Street art dans le gouvernorat de Damiette
Un collectif d’artistes graffeurs venus de différentes villes égyptiennes s’est réunit à Damiette autour d’un projet éducatif et citoyen dénommé “Gedary”. Du 29 juin au 3 juillet dernier, ce collectif a investi les rues du village de Kafr El-Ghab, à la demande d’un groupe de jeunes, désireux d’apporter du nouveau dans leur localité. Convaincus que l’art permet d’éveiller les consciences sur des questions sociales et d’embellir le quotidien, les artistes ont peint des figures qui délivrent des messages positifs et valorisent le village. En effet, ces peintures s’inspirent de la culture locale, des formes et des couleurs propres au village. Vingt-cinq peintures murales ornent désormais les rues, pour la plus grande satisfaction des habitants. Le projet, relayé et salué sur Facebook, concourt à faire connaître et diffuser l’art du graffiti en milieu rural, et plus largement à travers l’Egypte, tout en encourageant un moyen d’expression pacifique des opinions. Au delà d’une initiative artistique engagée, le projet Gedary modifie la géographie des lieux, en magnifiant certaines places.
Un programme d’Arts et Culture dans le gouvernorat de Gharbeya
La direction de la Culture du gouvernorat de Gharbeya lance un programme d’Arts et Culture conduit par Sayed Khattab, qui est à la tête de l’Autorité Générale des Maisons de la Culture. Le programme comporte une exposition de peintures d’enfants, intitulée “Revolution through children’s eyes” et présentée à la maison de la culture des enfants à Tanta. Des expositions similaires sont prévues à Santa et Ghazl El Mahala.
Démolition du théâtre Al Salam à Alexandrie
L’illustre théâtre Al Salam d’Alexandrie, situé à Sidi Gaber, à l’Est, a été démoli à la fin du mois de juin. À l’abandon depuis plusieurs années, le bâtiment, repérable par sa forme ovoïde, était un symbole de l’héritage culturel urbain. Le théâtre avait été construit en 1960, accueillant de nombreuses pièces, des spectacles et des comédiens célèbres comme Adel Imam, Samir Ghanem, Abdel Moneim Madbouly, Foad El-Mohandes.

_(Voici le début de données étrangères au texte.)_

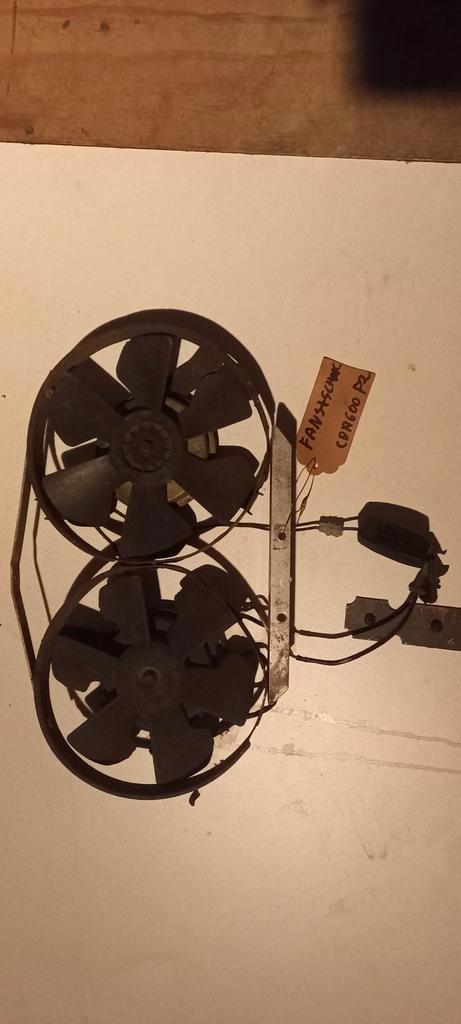 TK: Honda CBR 600 F2 PC25 in onderdelen (ex- stuntmotor), Motoren, Onderdelen | Honda, Gebruikt, Ophalen of Verzenden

Selon Mohamed Seda, responsable de l’Organisation Nationale pour l’Harmonie Urbaine (NOUH), l’état de la structure du bâtiment compromettait la sécurité des personnes et nécessitait donc sa démolition. Propriété de l’armée, le théâtre n’était plus géré par le Ministère de la Culture et personne ne pouvait intervenir dans le processus de décision. Par ailleurs, le bâtiment n’étant pas classé au patrimoine égyptien, il ne pouvait jouir d’aucune protection. Pour Maged El-Raheb, expert des antiquités et président de l’association pour la protection du patrimoine égyptien, la démolition est grave car le site du théâtre est jonché d’objets historiques.
L’opération de démolition a suscité la colère des riverains sur les réseaux sociaux. Ils ont condamné la décision de l’Armée, vue comme un affront pour l’identité culturelle de la ville. La construction d’un nouvel hôtel de luxe est prévue en remplacement. La liste des démolitions de bâtiments patrimoniaux, décidées par l’État au profit de tours résidentielles, est longue et alarmante.